▶ Your goal:
Return exactly the run of lines that begins at the line containing "NWT J&S Collection" and ends at the last line of the material below; pictures stay out.
···
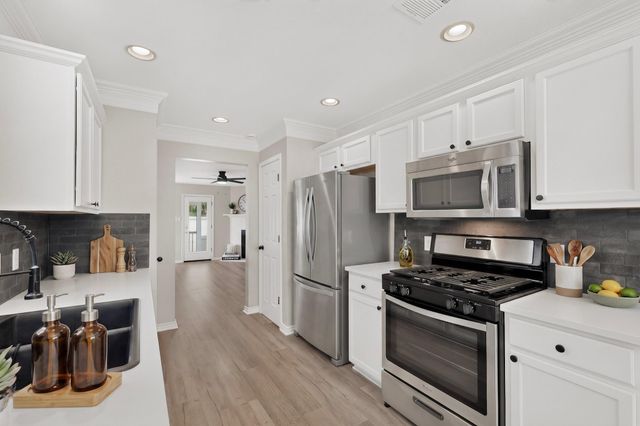 1825 Friars Tale LN, Austin, TX 78748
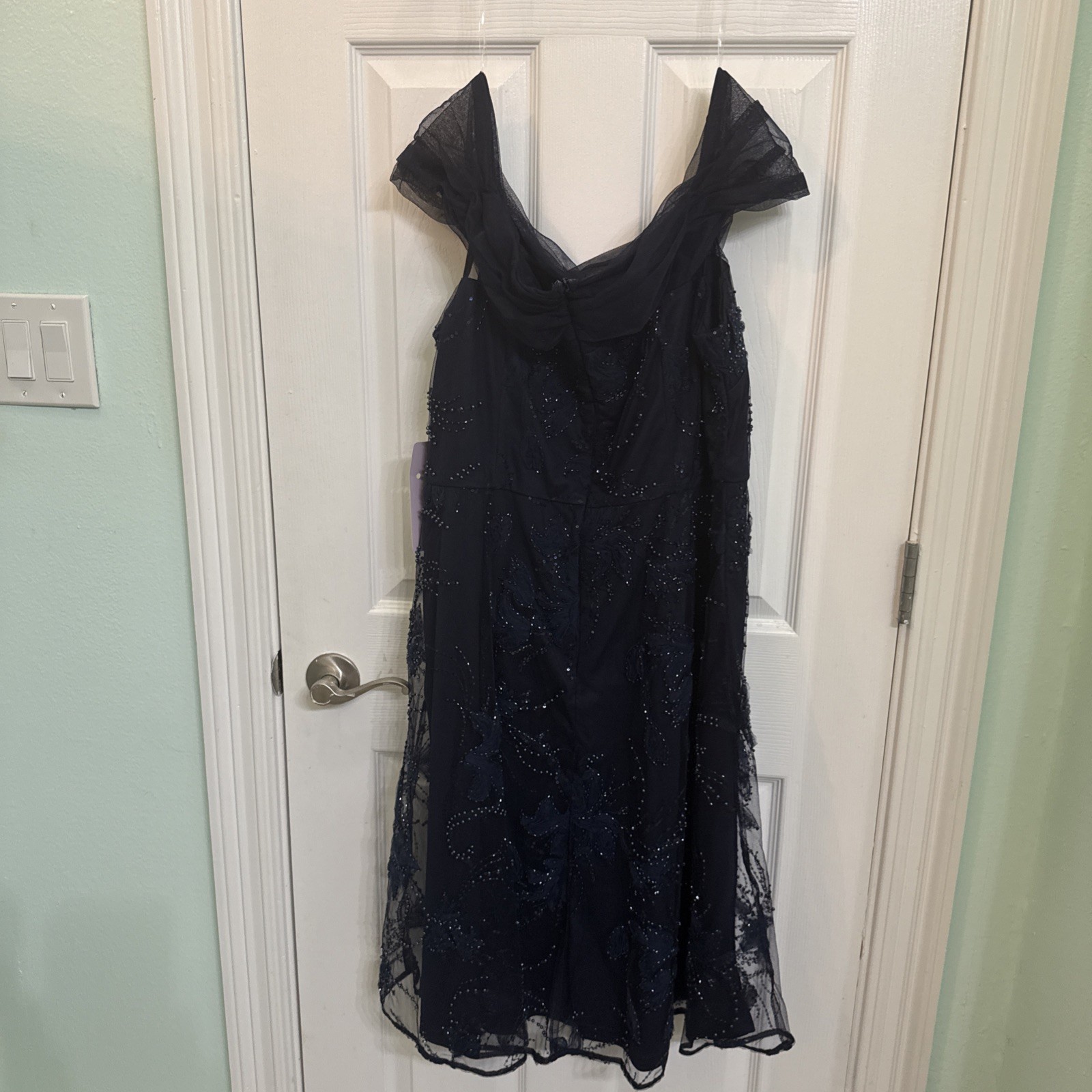 NWT J&S Collection Gemma Off Shoulder Navy beaded Cocktail Gown Dress
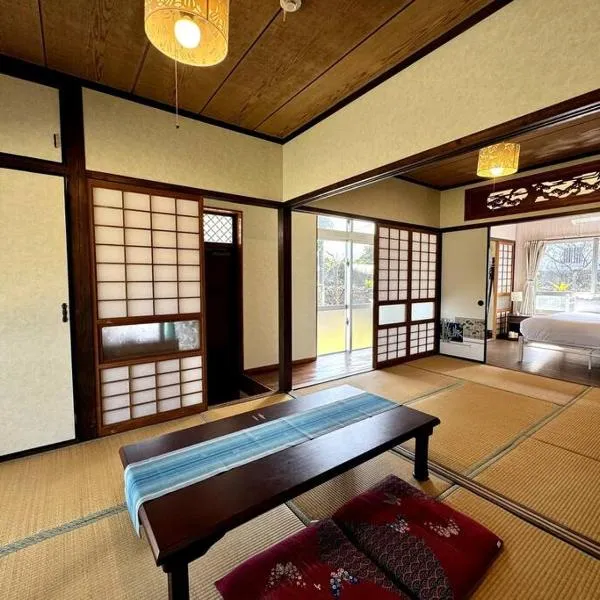 畳で寛ぐ日本の家情熱ハウスIshigakijimaKABIRA, hotel in Ishigaki Island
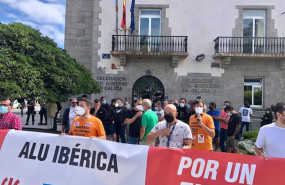 ep archivo   concentracion de trabajadores de alu iberica en a coruna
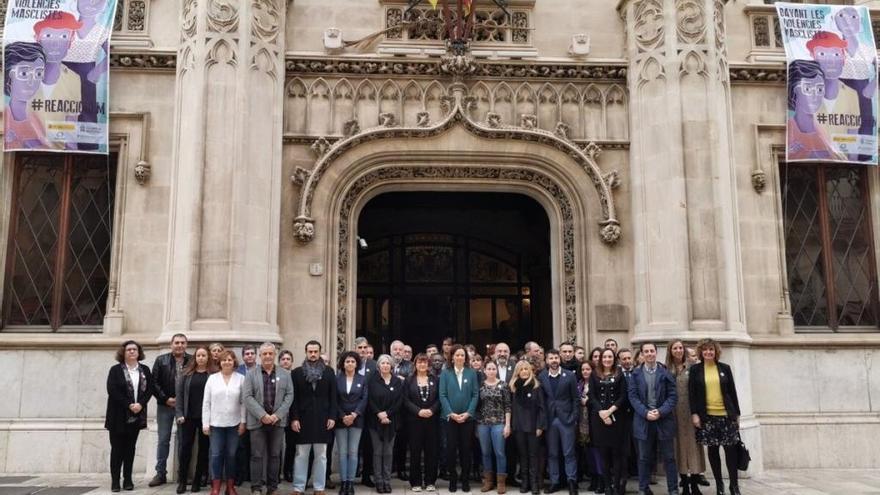 Altos cargos y trabajadores del Consell durante la lectura del manifiesto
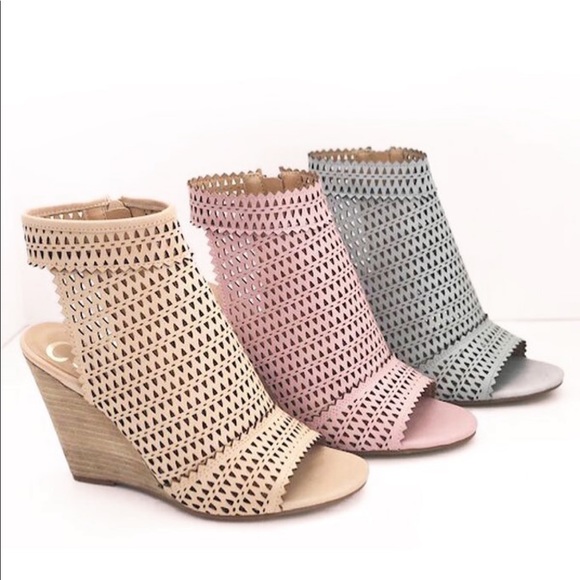 Tan open toe wedge heel - Picture 3 of 10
···
▶ Task output:
 NWT J&S Collection Gemma Off Shoulder Navy beaded Cocktail Gown Dress
 畳で寛ぐ日本の家情熱ハウスIshigakijimaKABIRA, hotel in Ishigaki Island
 ep archivo   concentracion de trabajadores de alu iberica en a coruna
 Altos cargos y trabajadores del Consell durante la lectura del manifiesto
 Tan open toe wedge heel - Picture 3 of 10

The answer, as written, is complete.